For some reason that probably says more about me than I would care to admit, I often identify music less by its genre than by the type of drink that seems to go with it the best. When you listen to Pearl Jam or Rage Against the Machine, you just feel it would be wrong to drink anything other than beer. You really can't mix Nick Cave with anything other than rum, and Tom Waits begs to washed down with a good whisky. And Grizzly Bear just demands a nice chardonnay with subtle hints of different flavours and aromas and after-tastes. Madonna would probably lead you to a really bright green cream-based cocktail.
So, when I listened for the first time a couple of nights ago to the relatively new London based band, the xx, I didn't think so much of dream pop and chillout as about the fact that I had no idea how to make a martini.
The xx's self-titled debut album was released in August last year. The music here is soft, understated, whispered - music that walks its fingers over your body as you lie beneath a summer evening sky, giving you that faint little warm tingle that feels so good when you need to put the day's, and the world's, craziness behind you.
Every song on this album is superbly, carefully crafted, as if by a sculptor, where even the jagged edges are noticed not for their roughness, but for their interesting texture.
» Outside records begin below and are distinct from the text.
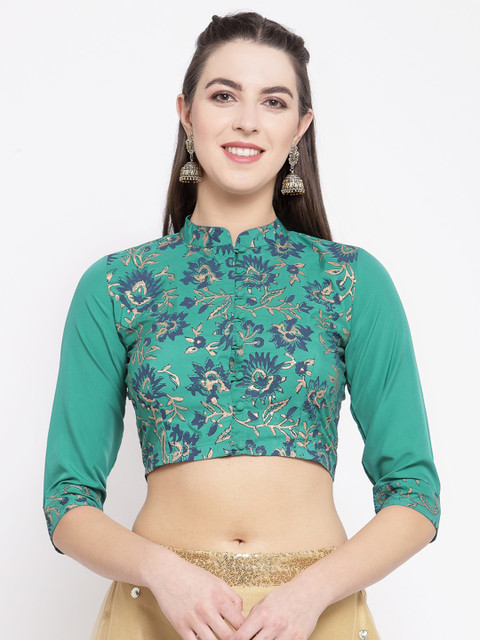 

studio rasa Women Green Floral Printed Mandarin Collar Crepe Crop Top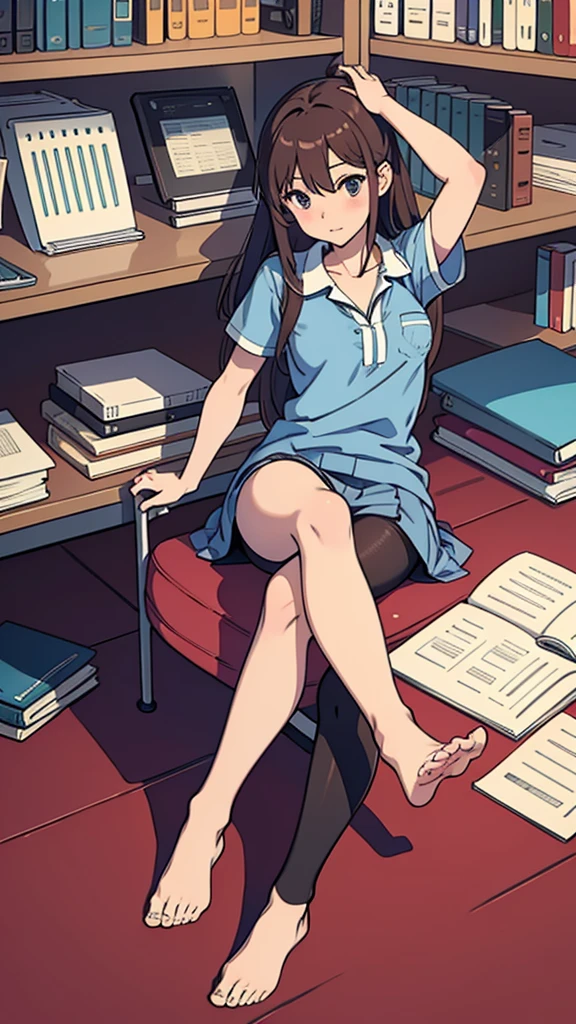 Sitting,I stretched my legs,Pantyhose,shirt,high school girl,library,barefoot,shoes removed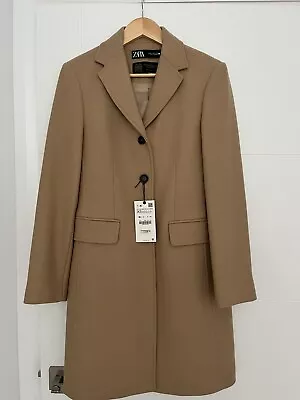 $99 • Buy Zara Manteco Wool Coat Camel Beige Size XS BNWT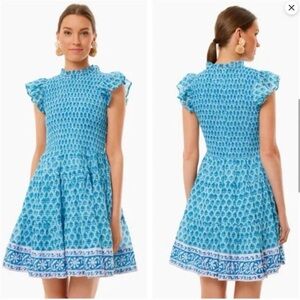 NWT Oliphant Smocked Flirty Short Dress Blue Aqua Large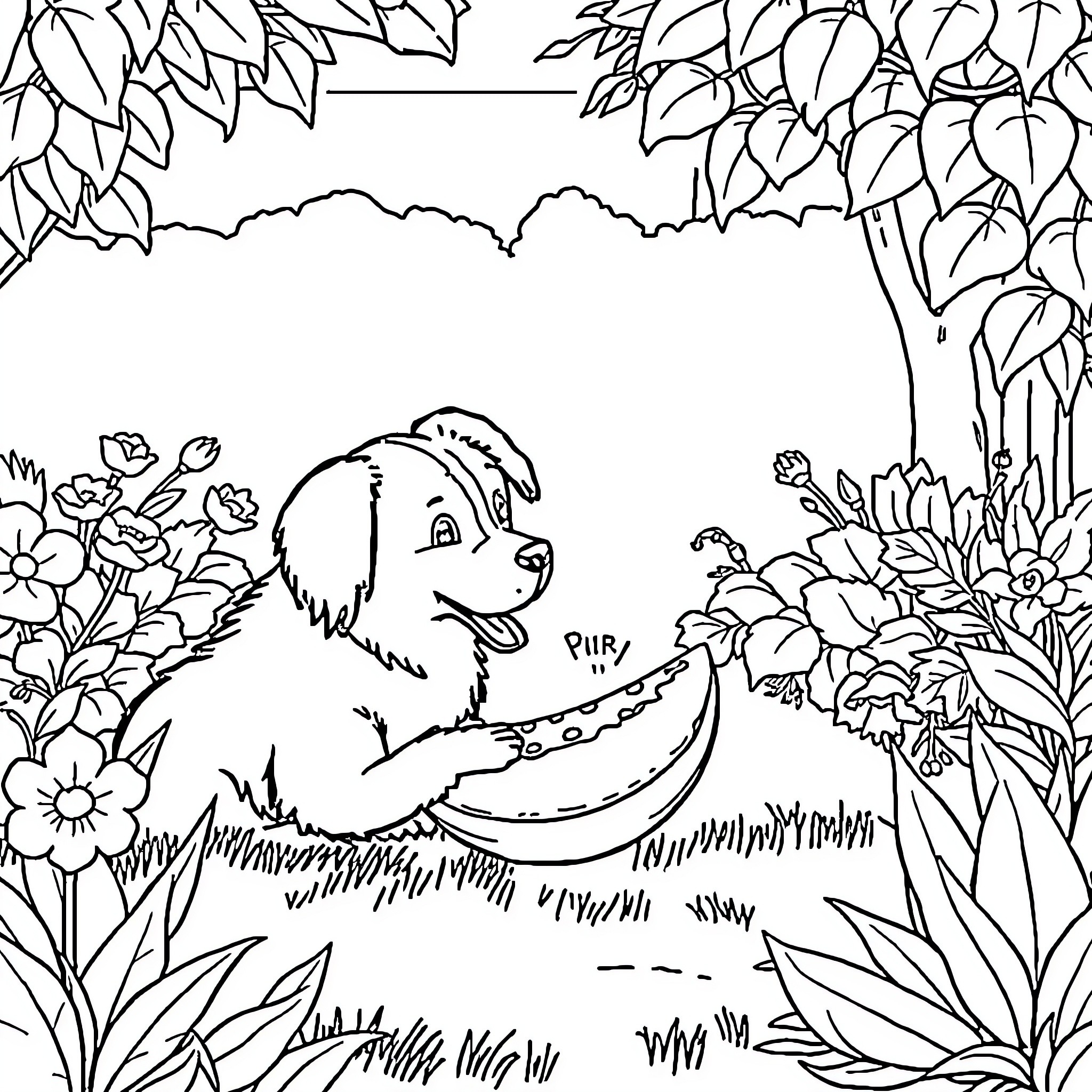 Dog resting in a lush garden Coloring Page (free black-and-white line drawing printable PDF for all, from beginners to advanced learners, including children, teens, adults, and seniors)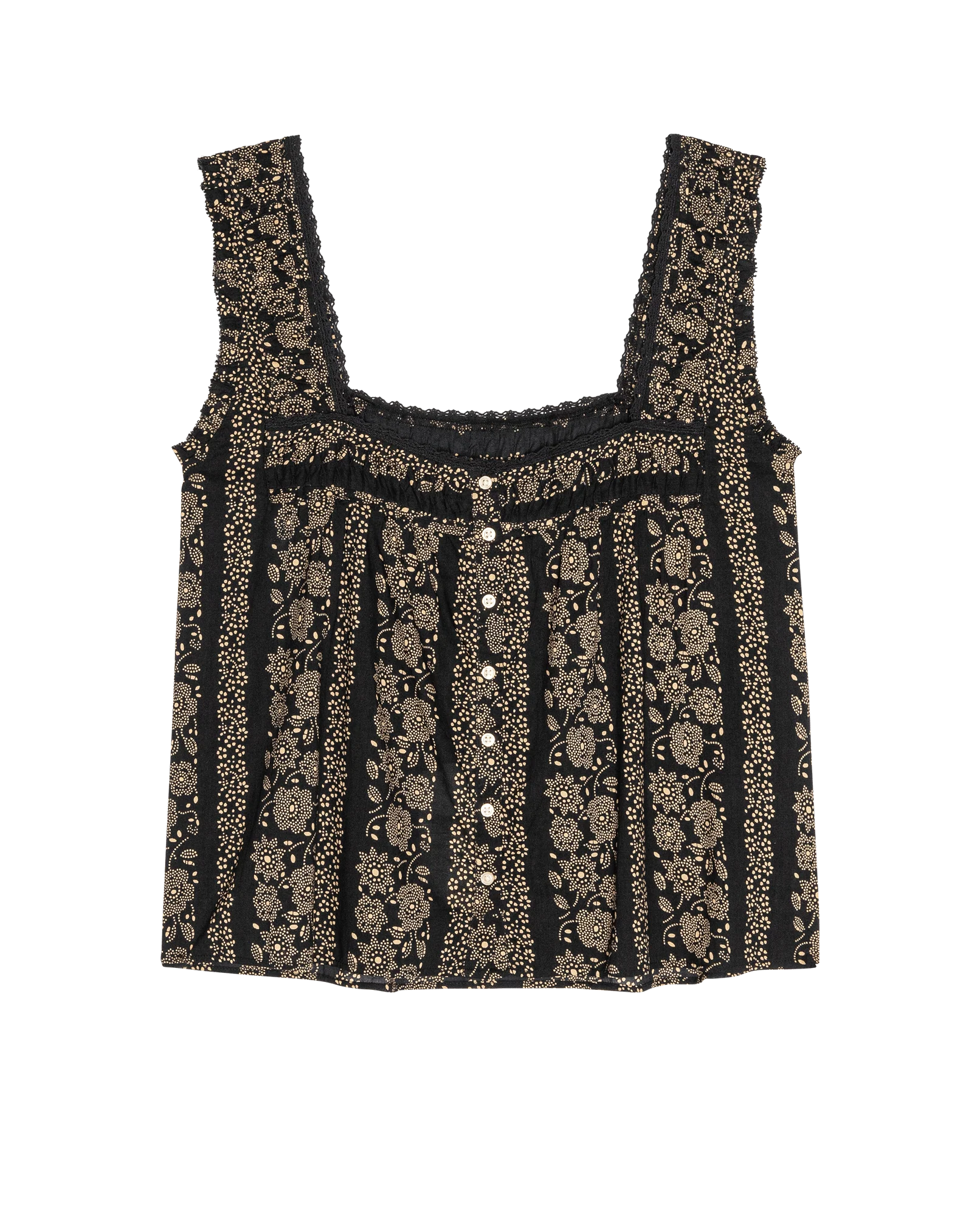 The Victorian Pleat Tank. -- Black And Cream Token Floral - Image 5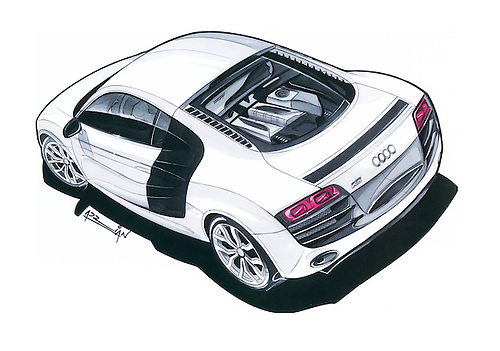 500x351 audi adrian dewey photography - Audi R8 Drawing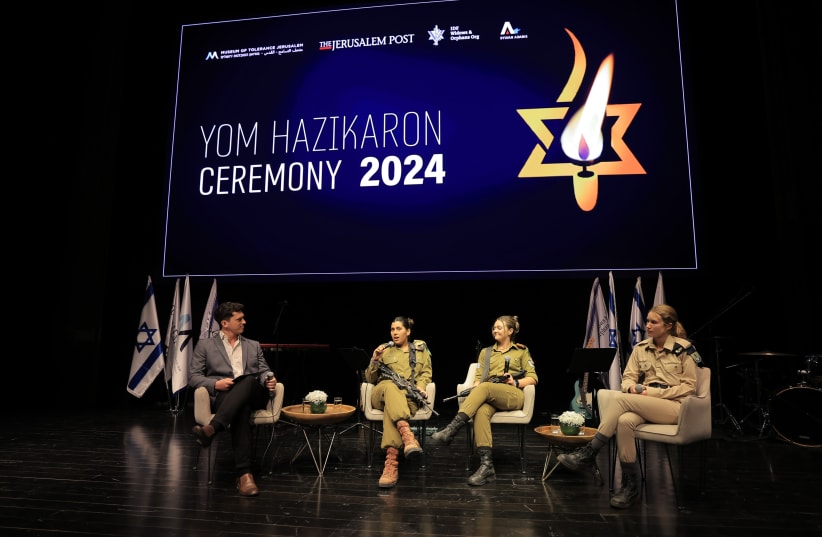  A panel of lone soldiers at the 2024 Remembrance Day event at the Museum of Tolerance Jerusalem. (photo credit: ZIV SHIMSHON)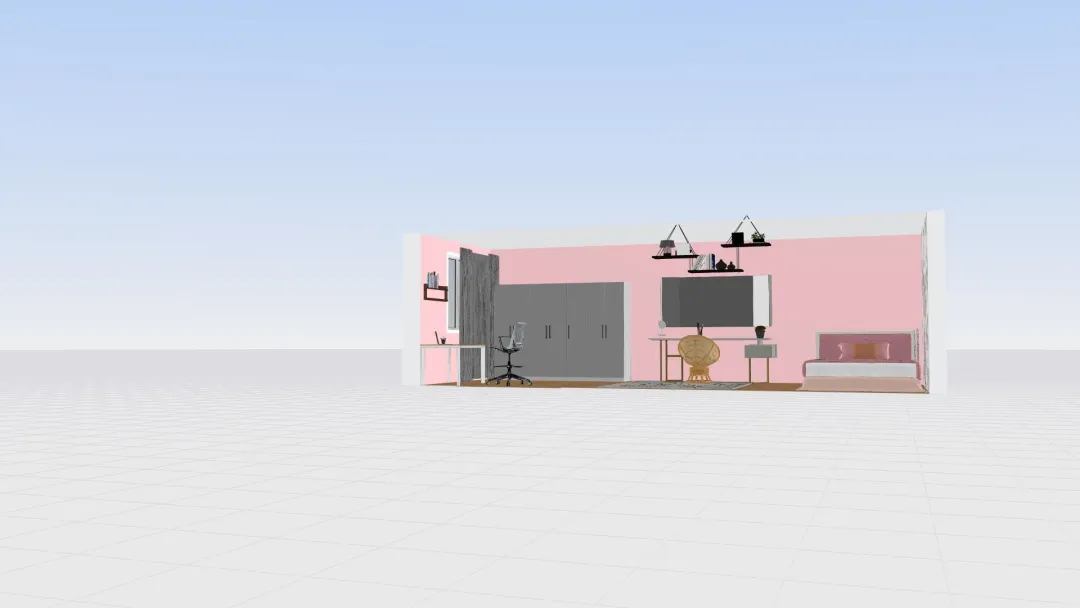 meu quarto 3d design renderings
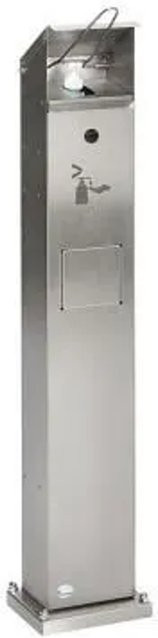 PROREGAL Handdesinfektionsspender mit Abfallsammler zur Bodenmontage in Silber Edelstahl, H x B x T: 115 x 33,5 x 33,5 cm - Bild 1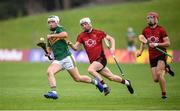 3 August 2019; Shane McElligott of Kerry in action against Phelim Savage of Down during the Bord Gais Energy GAA Hurling All-Ireland U20B Championship Final match between Down and Kerry at Páirc Tailteann in Navan, Meath. Photo by Stephen McCarthy/Sportsfile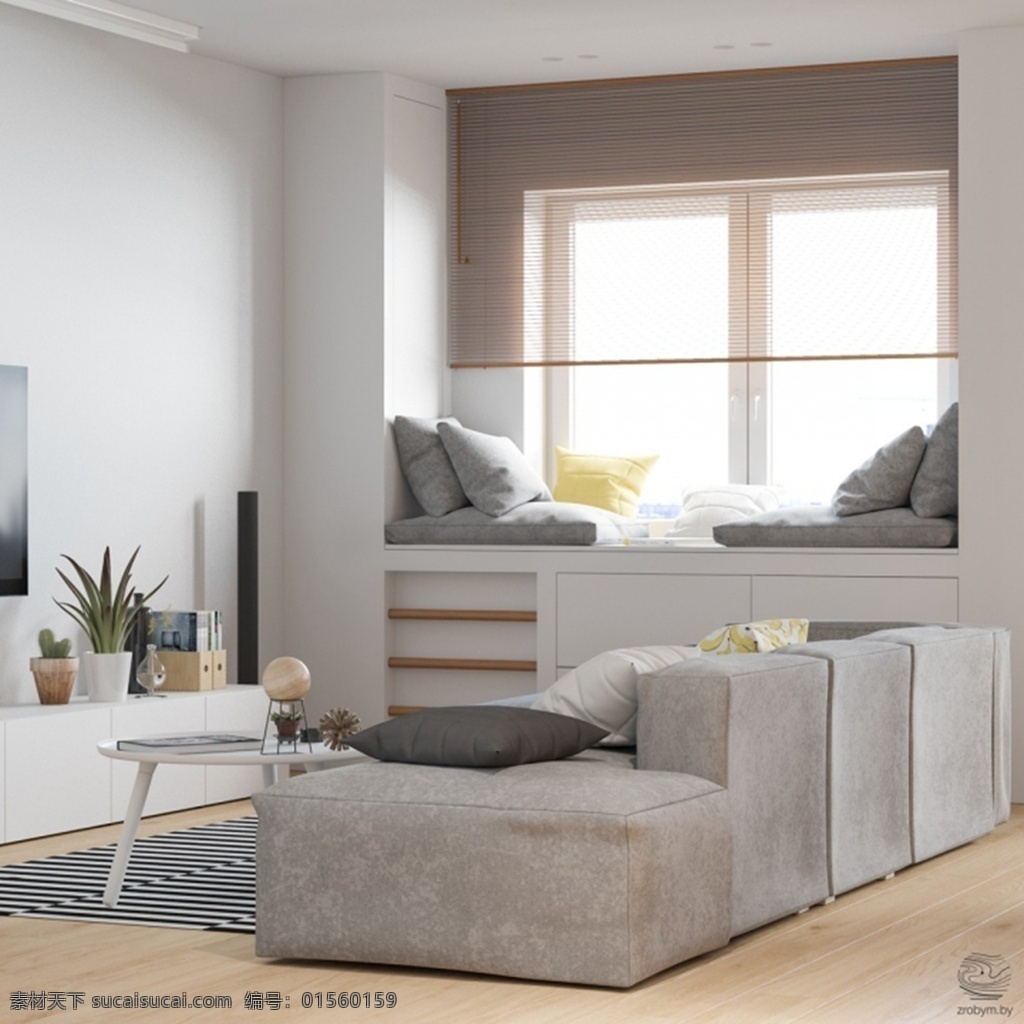 现代 简约 宁静 客厅 灰色 沙发 室内装修 效果图 客厅装修 木地板 条纹地毯 浅色背景墙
The vocals of Romy Madley Craft and Oliver Sim are hushed and sensual, dreamy, against guitars, beats and keys that build eloquent, sunset-hued landscapes, painted in ways that landscapes have never been painted before, where foreground and background are merged. Listen to the languid sliding bass electronics at the end of 'Fantasy', easing into the faltering, hesitating 'Shelter', sounding like the earth holding its breath for fear of waking you from the dream into which it has lulled you.
The xx give their music a lot of air, spacious without being sparse. The beat is slow, but never drags, the music giving each note time to be appreciated before moving onto the next one, and yet it never loses its sense of easy, flowing momentum, like in the long vocal phrases against pulsating guitars and beats in 'Infinity', building in a seductive crescendo that embraces you and then lays you gently down.
Xx takes you into another space - a world that is full of dreams and, like most dreams, seems both familiar and foreign at the same time. It's a place, and an album, that you really don't want to leave.
Discovered on the shelves of Melbourne's Polyester Records.